Records provided |
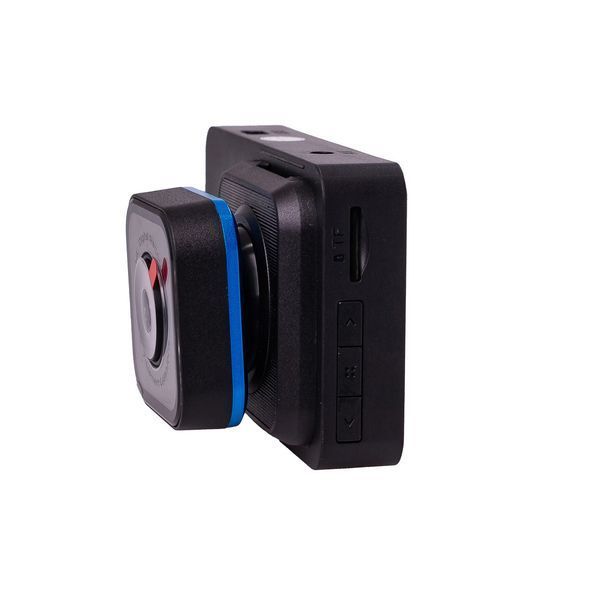 Відеореєстратор для авто Light Dual Lens Vihicle BlackBOX DVR з камерою заднього виду Y11ANDB Y11ANDB фото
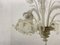 Lampadario in vetro di Murano, anni '60, Immagine 14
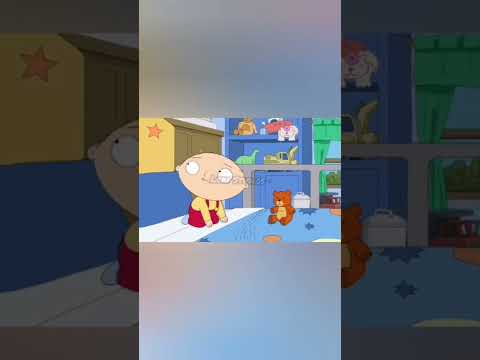 You wanna play with one of daddys' socks? #familyguy #shorts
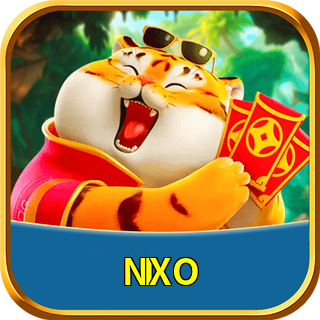 NIXO logo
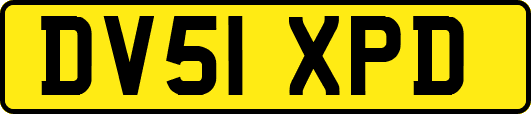 DV51XPD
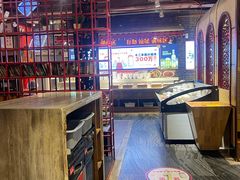 -大队长主题火锅(观音桥店)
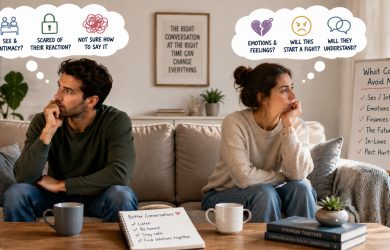Gender Differences in Relationship Communication: New Survey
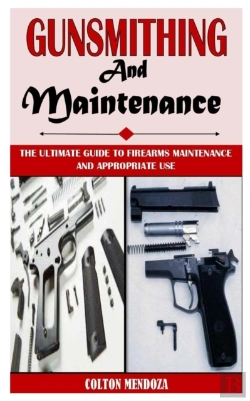 Bertrand.pt - Gunsmithing And Maintenance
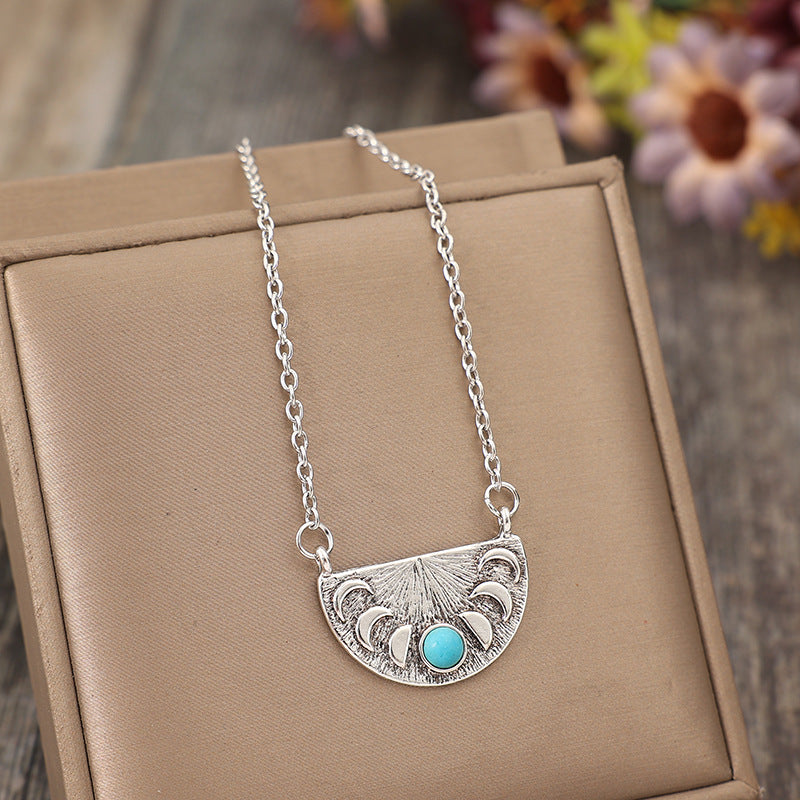Vintage Handmade Necklace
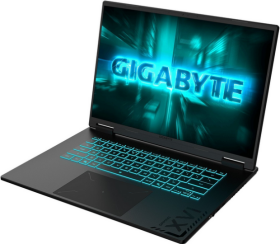 Gigabyte Gaming A16 5TH Ryzen 7 170 / 16 GB / 512 GB / RTX 5050 / 165 Hz (5THP3EE893SD)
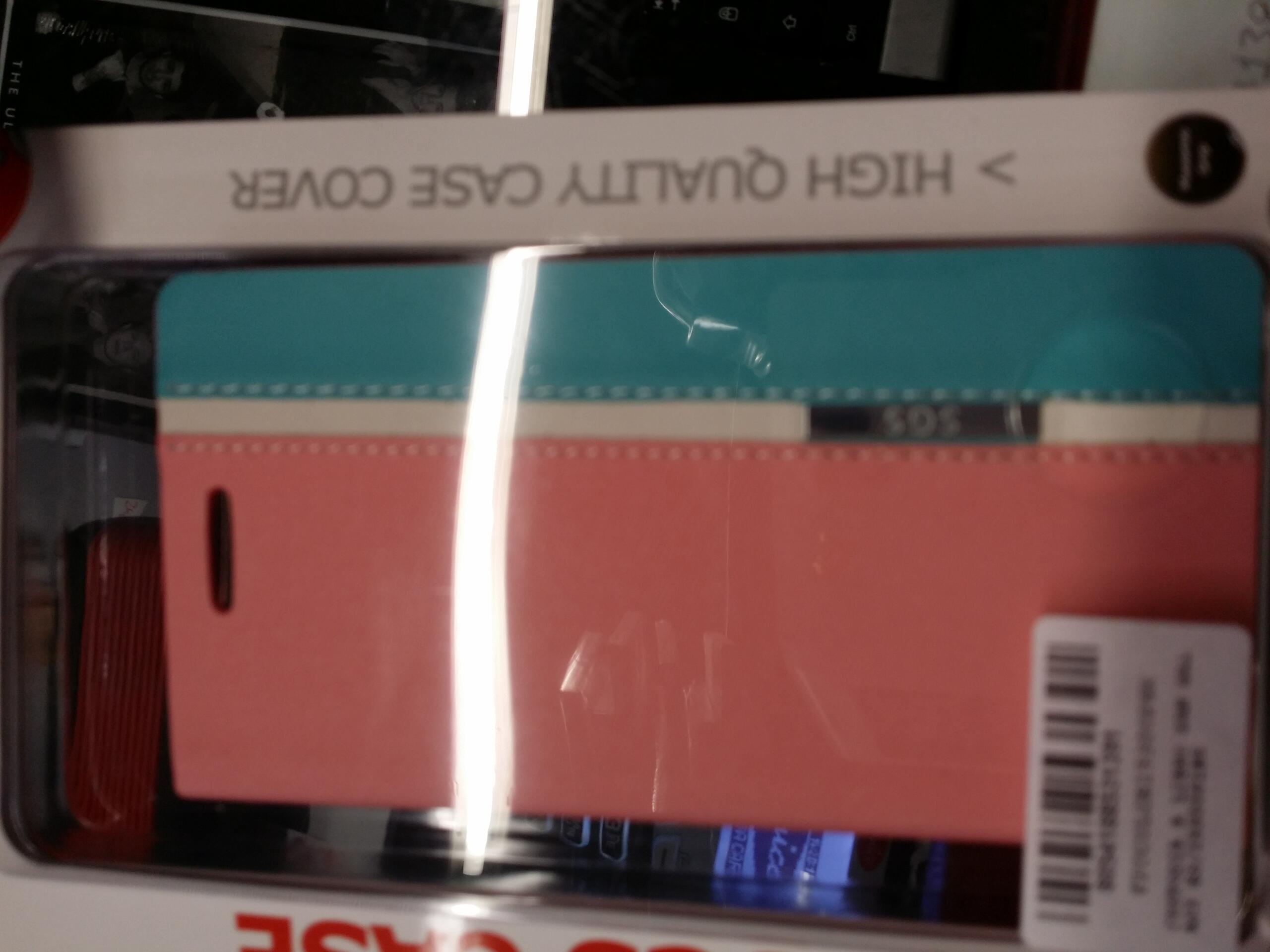 sgs fpocolori9300pink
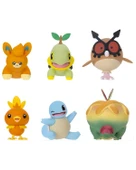 Pokemon Battle 6 lı Figür Seti PKW4098 thumbnail 2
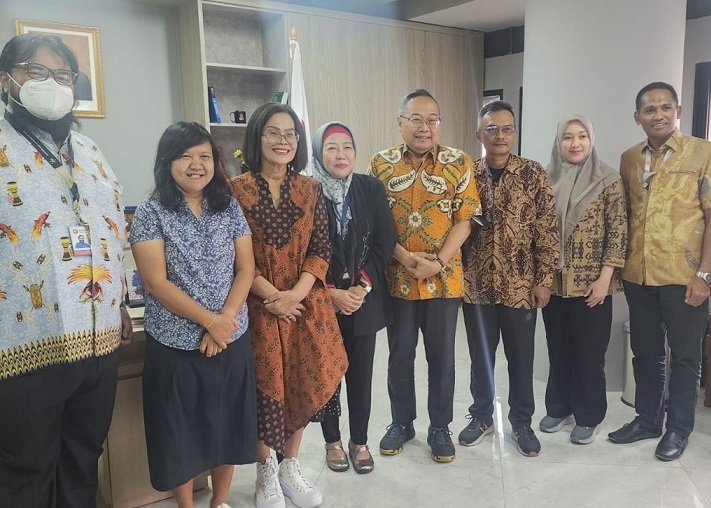 APHA Indonesia Gandeng BRIN Sinergikan Riset tentang Masyarakat Adat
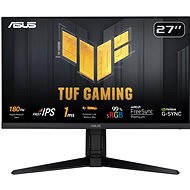 27" ASUS TUF Gaming VG27AQL3A - Monitor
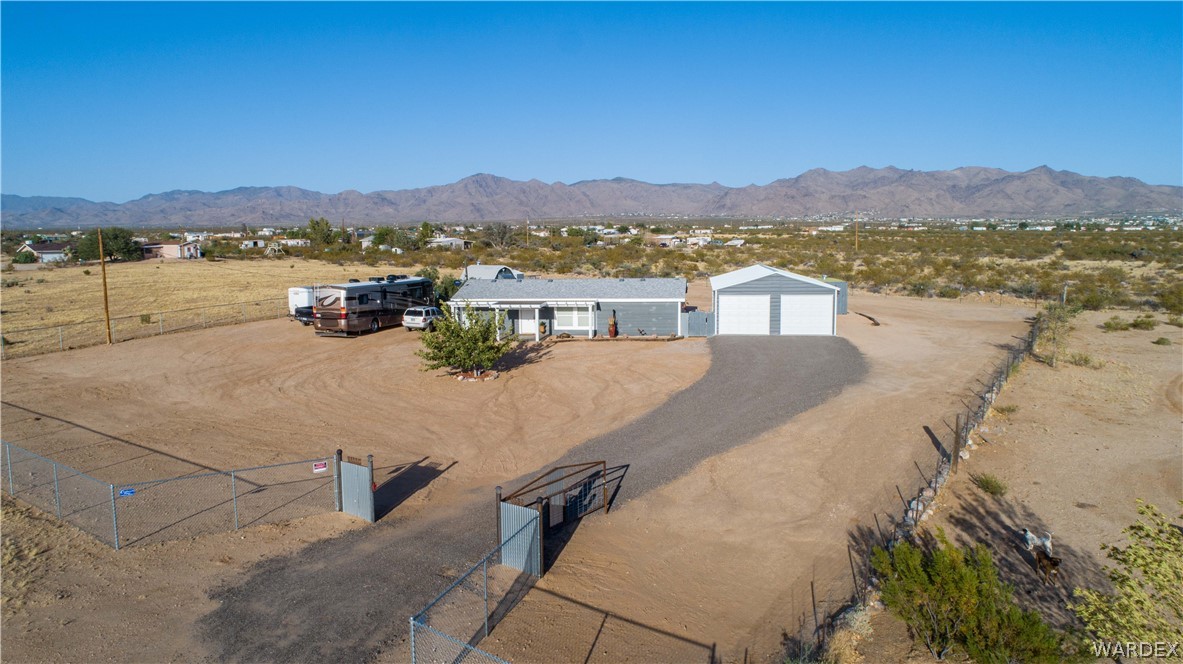 3592 Aguila Road Golden Valley, AZ 86413 - Photo 45 of 49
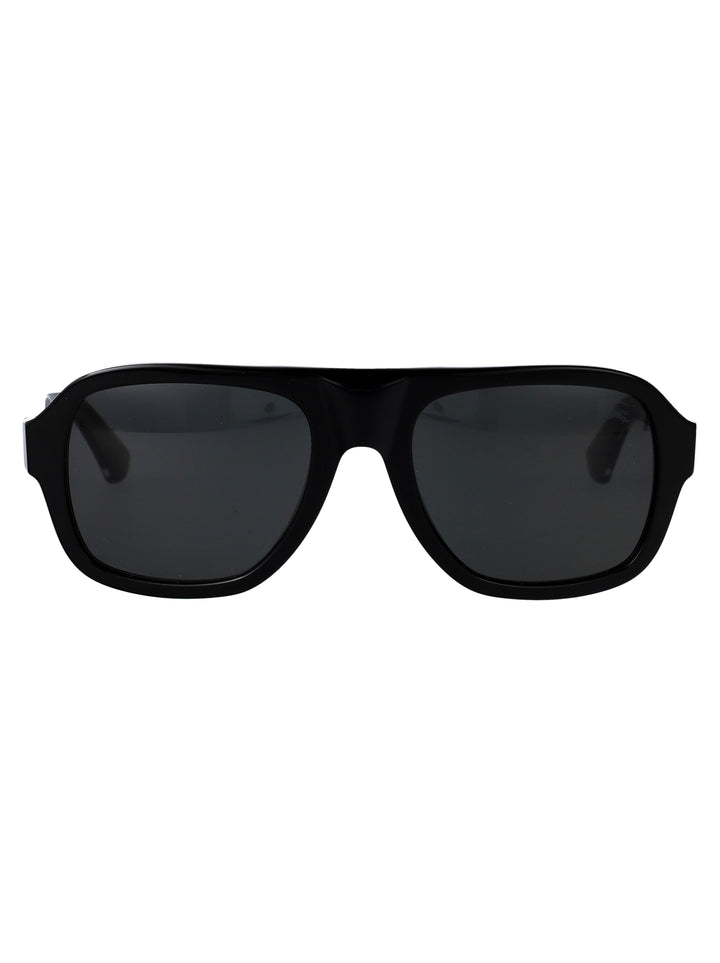 Burberry SUNGLASSES - Nero | 9bf05bbd5aeca637c36e73a6305fc2ec62696f20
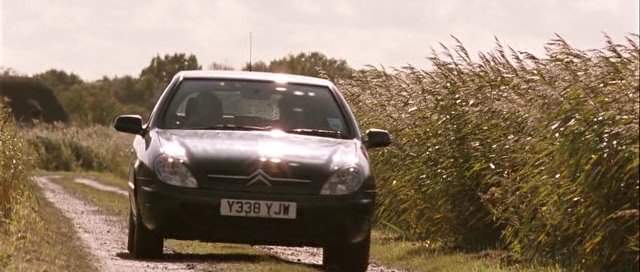 Citroën Xsara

Exercise aim | Drop the pictures, then reproduce exactly the lines from the one with "You wanna play" through the final line of the listing.

The completed task |
 You wanna play with one of daddys' socks? #familyguy #shorts
 NIXO logo
 DV51XPD
 -大队长主题火锅(观音桥店)
Gender Differences in Relationship Communication: New Survey
 Bertrand.pt - Gunsmithing And Maintenance
Vintage Handmade Necklace
 Gigabyte Gaming A16 5TH Ryzen 7 170 / 16 GB / 512 GB / RTX 5050 / 165 Hz (5THP3EE893SD)
 sgs fpocolori9300pink
 Pokemon Battle 6 lı Figür Seti PKW4098 thumbnail 2
 APHA Indonesia Gandeng BRIN Sinergikan Riset tentang Masyarakat Adat
 27" ASUS TUF Gaming VG27AQL3A - Monitor
 3592 Aguila Road Golden Valley, AZ 86413 - Photo 45 of 49
 Burberry SUNGLASSES - Nero | 9bf05bbd5aeca637c36e73a6305fc2ec62696f20
 Citroën Xsara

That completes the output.